Sheldon Watts (Kairo)
Edward Said's Orientalism Revisited. Geo-Medical Politics and the Opening of an All-Water Route Between Imperialized India and West Europe on 17 November 1869

Panel I – Early Embodiments of Cultural Encounters I

Martha Finch (Springfield, MO, USA)
'As in a Mirror': Reflections on Bodies and Cultural Contact in Seventeenth-Century New England

Astrid Windus (Hamburg)
The Embodiment of Sin and Virtue. Visual Representations of a Religious Concept in a Colonial Andean Contact Zone

Panel II – Early Embodiments of Cultural Encounters II

Rainer Broemer (Mainz)
Mediterranean Medical Bodies and the Ottoman Empire, 1517-1820

Michael Frank (Konstanz)
'A Mark Indelible': The Cross-Cultural History of Tattooing in the Nineteenth Century

Panel III – The Exotic Body in Modern Popular and Scientific Discourses

Hilke Thode-Arora (Berlin)
Displaying Exotic Bodies and Cultures for Paying Audiences. Representations of the 'Ethnic Other' in Late 19th and Early 20th Century German 'Ethnic Shows' (Völkerschauen), Anthropology Museums and Silent Movies

Anja Laukötter (Berlin)
The Colonial Body as the Object of Knowledge Production. German Anthropology in the Beginning of the 20th Century

Panel IV – Sexualities in the Cultural Contact Zone

Christian Koller (Bangor, Großbritannien)
Sexualities in the French Foreign Legion and their Representations in Autobiographical Writing

Lee Wallace (Auckland, Neuseeland)
Embodying the Pacific: Same-Sex Sexuality in the Colonial Archive

Panel V – The Indigenous Response

W. George Lovell (Queen's University; Kanada)
Telling Maya Tales: A Book, A Body, and Indigenous Viewpoints in Guatemala

Ellen Koskoff (Rochester, NJ, USA)
Musical Bodies in Bali

Andreas Heuser (Usa-River, Tansania)
'Put on God's Armour Now!' - The Embattled Body in African Pentecostal-Type Christianity

Panel VI – Digesting Culture

Martina Kaller-Dietrich (Wien)
Protein and Power.
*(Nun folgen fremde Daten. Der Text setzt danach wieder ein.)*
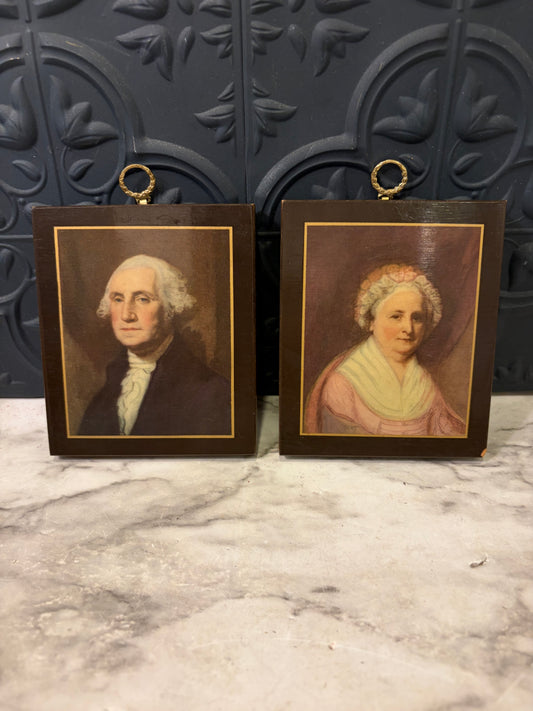 George and Martha Washington Small Wood hangings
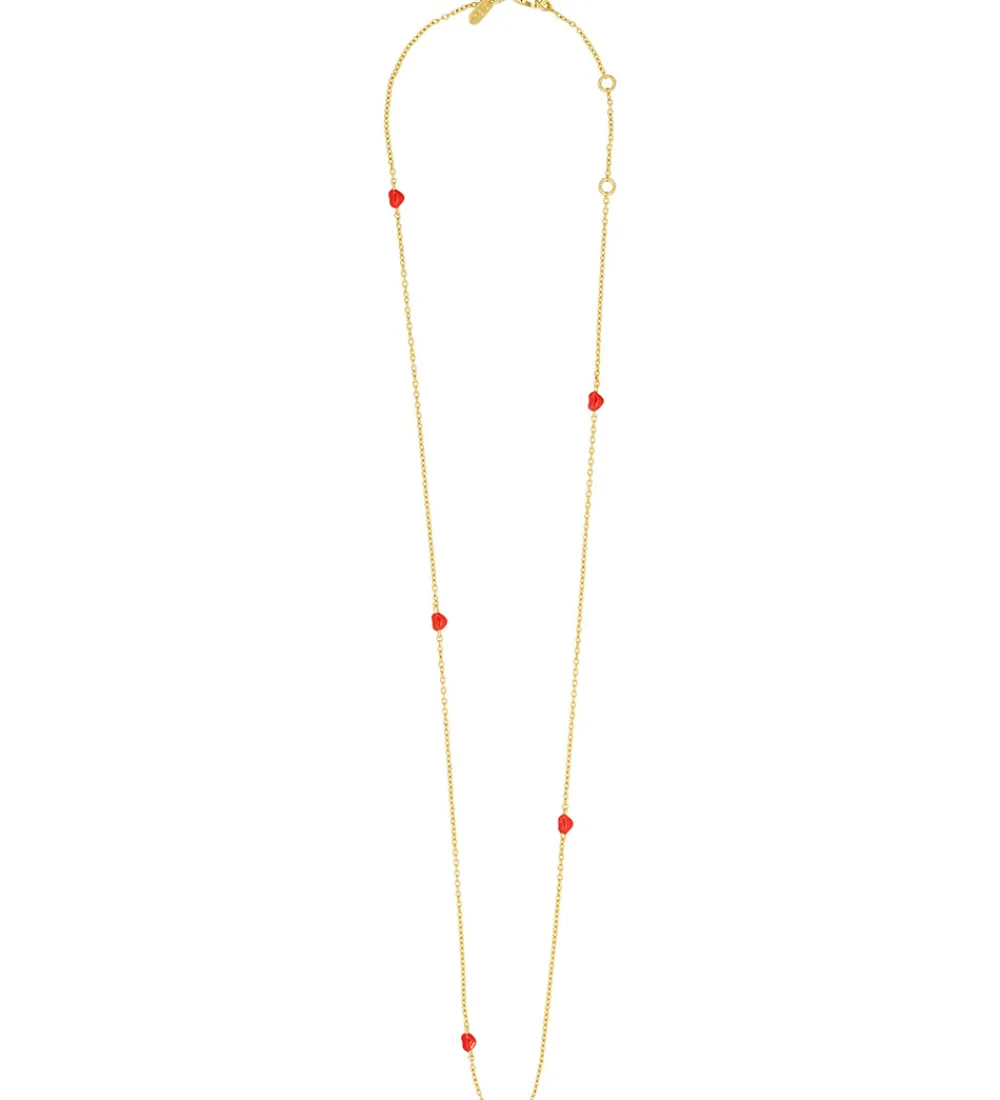 Design Letters Smykker>Halskæde - Little Big Love - Guld/Rød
International Food Programs Related to Every Day Cultural Practice in Oaxaca, Southern Mexico

Panikos Panayi (Leicester, Großbritannien)
Immigration and the Making of British Food

Anmerkung:
1 Hierzu Ann Laura Stoler, Along the Archival Grain: Epistemic Anxieties and Colonial Common Sense, Princeton, NJ 2009.